De cette "Galaxie de glace" sortira le deuxième opus du groupe, avec à la clé une vraie "Résurrection". Le top 50 est soudain le singulier terrain d'une remise à l'ordre des priorités dans la marche du monde, avec le bouleversant "Une princesse est morte", perle de conscience dans un chapelet de brûlots où la dénonciation primaire n'est jamais de mise. Si le soleil donne la même couleur aux gens, il offre aussi une vision du monde où le manichéisme - la fracture sociale ?- est dépassée pour un autre chemin, celui de la vigilance et de la concorde, malgré tout...
Un chemin qui conduit vers un premier disque d'argent (plus de 60 000 exemplaires vendus) et la reconnaissance enfin avouée de tous les pères de la hip-hop nation.
Mais rien n'est assez beau pour les toulousains qui ont fait du respect d'autrui une valeur fondamentale dans la conduite de leurs réflexions créatives. La ville rose est leur berceau de naissance. Ils y restent, grandissent, aiment et pour certains fondent une famille agrandissant ainsi l'architecture du Kartel de la foi. Il faut entrer dans un nouveau siècle avec le soucis encore plus marqué de se démarquer. K.D.D. ne fait pas dans la pose. Comprenez qu'il faut aussi surprendre avec d'autres arguments que sa propre maturité.
Troisième album et nouveau défi. Le son est sec mais lourd... de sens : "Une couleur de plus au drapeau" Seul morceau à la production épique et flamboyante, il permet d'entrée de jeu de constater que le flow des Toulousains s'est encore amélioré.
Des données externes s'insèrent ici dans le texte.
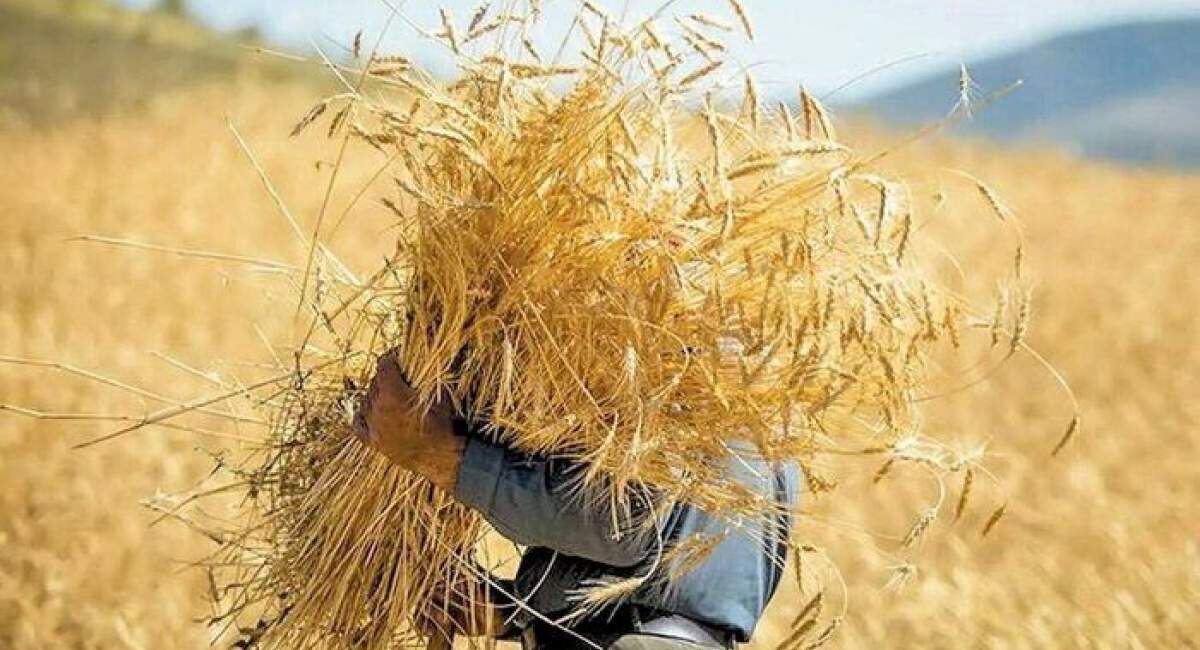 مطالبات گندم کاران تسویه شده است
Les mots claquent avec la précision d'uppercuts au service de l'idée bien plus que de la rime ; les featuring sont rares mais précis - le 113 et Don Choa-: "Artifices" et "Ghetto cocaïne", car les rencontres et les défis pour épater la galerie, sont devenus trop systématiques pour être honnêtes; l'émotion enfin toujours plus forte, sans fard et surtout pas antinomique avec un genre musical qui n'aime guère voire les hommes pleurer : "le geste", "Neuf mois"... Nouveau disque entièrement conçu à Toulouse (studio Polygone) et qui est l'occasion de confirmer la profondeur d'une aventure humaine loin des règlements de compte d'un milieu gangrené par le cancer de l'ambition et de l'argent facile.
Daniel Camara (Dadou), griot Toulousain qui porte la sagesse en sautoir et la connaissance en porte drapeau; Alexandre Varela Da Veiga(Diesel), roseau qui plie mais ne rompt pas et qui va peu à peu forger une école de son sans autre référant que lui même, Lindsay Barret sorte de coloriste de la musique, Gauguin du rap et scratcheur de l'utile, Herman Azaud dont la voix ouvre de nouvelles brèches et Robert Hovor sorte de troisième oeil qui va s'attacher à réaliser la cohérence d'un projet où chaque titre se devait d'être différent. Aidé en cela par la maestria et l'esprit d'ouverture de Tommy Uzzo (Method Man, Red Man mais aussi Michaèl Jackson, Mariah Carey...) qui va mixer l'album, les K.D.D. font ainsi oeuvre de salut public.
Un album comme un geste, un vrai, pour tous ceux qui attendent encore et toujours la lumière des justes, et ainsi, bâtir une fondation solide pour affronter un siècle d'inconnus.